### Aim of the task:
Your copy of the data below must be exact and must leave out all pictures.

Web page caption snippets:

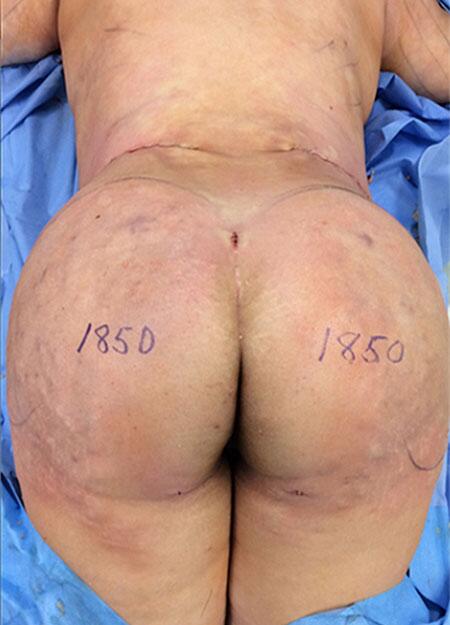 Brazilian Butt Lift Before & After Image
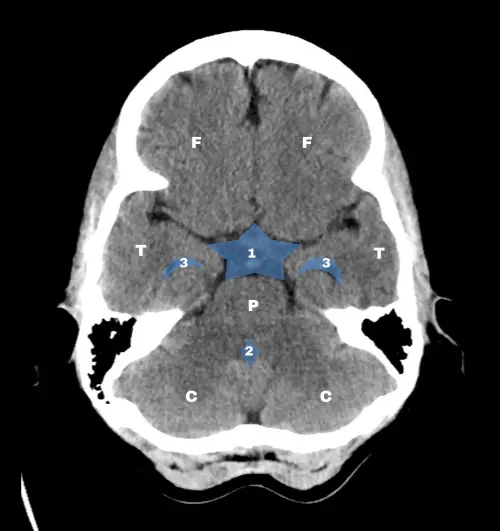 TC cerebro: nivel del tronco encefalico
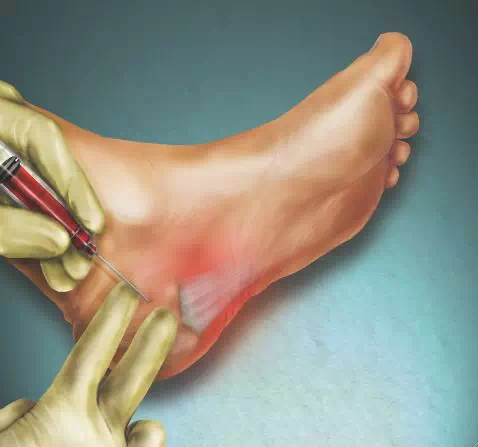 足底筋膜炎 治疗方法图片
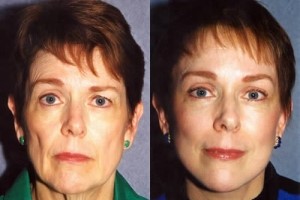 Brow Lift Patient Gallery for the Bay Area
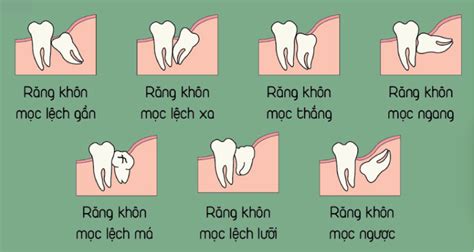 NHƯỢC ĐIỂM CỦA RĂNG KHÔN KHI NÀO NÊN NHỔ BUH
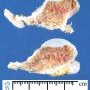 Osteochondroma. Section. Macroscopy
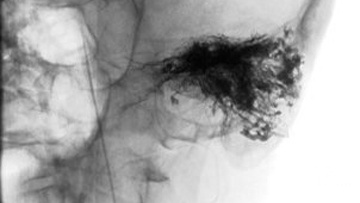 A left tympanic glomus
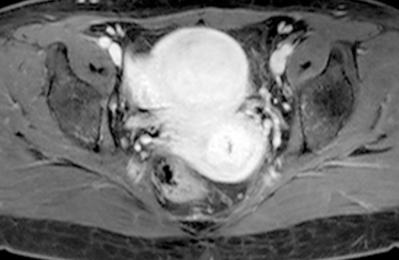 Before treatment [T1 Gd]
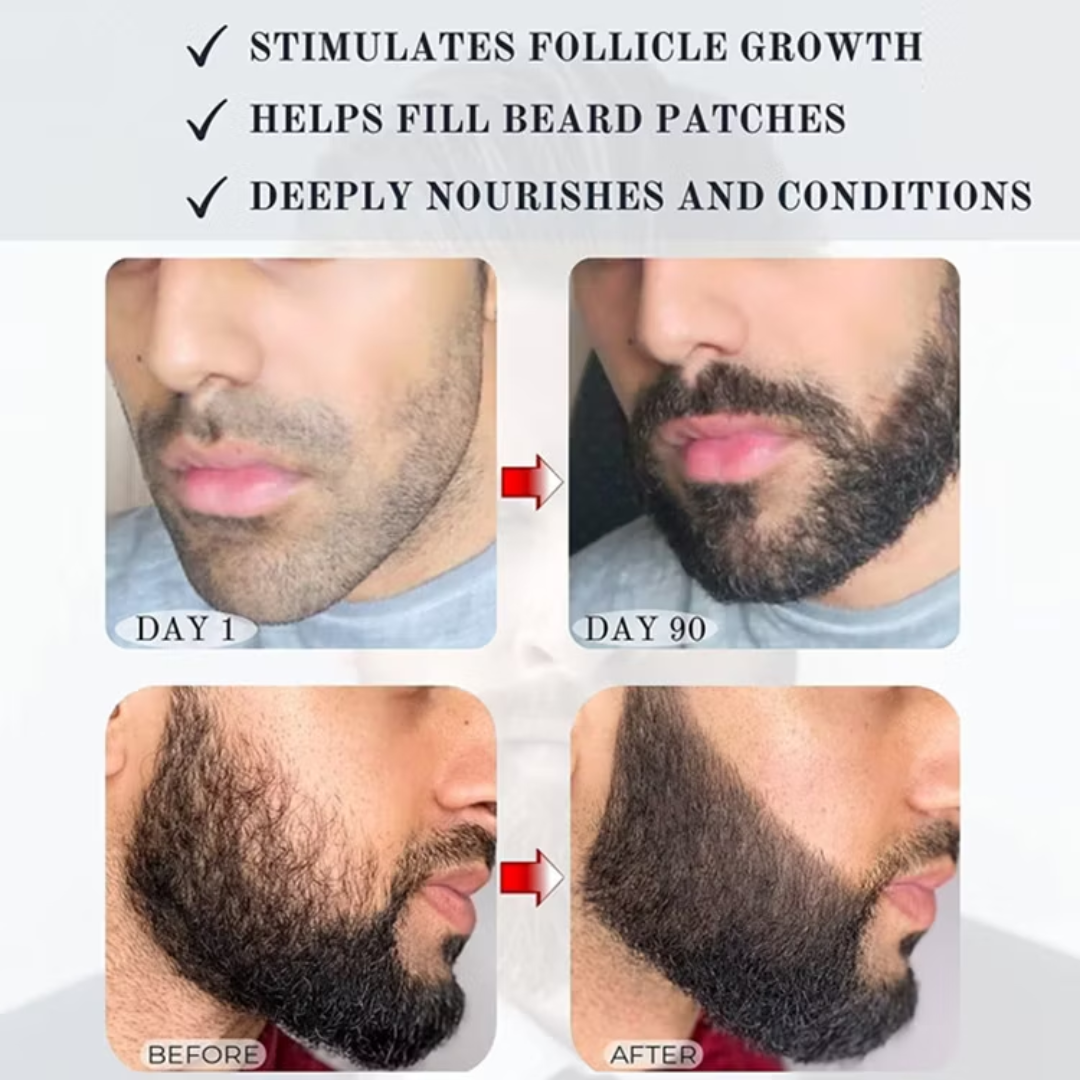 Dr. Alies Professional Beard Growth Oil | Natural Formula with Vitamin E, Almond Oil & Castor Oil | Fills Patchy Areas, Reduces Itch & Strengthens Beard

### Response for this exercise:
 Brazilian Butt Lift Before & After Image
 TC cerebro: nivel del tronco encefalico
 足底筋膜炎 治疗方法图片
 Brow Lift Patient Gallery for the Bay Area
 NHƯỢC ĐIỂM CỦA RĂNG KHÔN KHI NÀO NÊN NHỔ BUH
 Osteochondroma. Section. Macroscopy
 A left tympanic glomus
 Before treatment [T1 Gd]
 Dr. Alies Professional Beard Growth Oil | Natural Formula with Vitamin E, Almond Oil & Castor Oil | Fills Patchy Areas, Reduces Itch & Strengthens Beard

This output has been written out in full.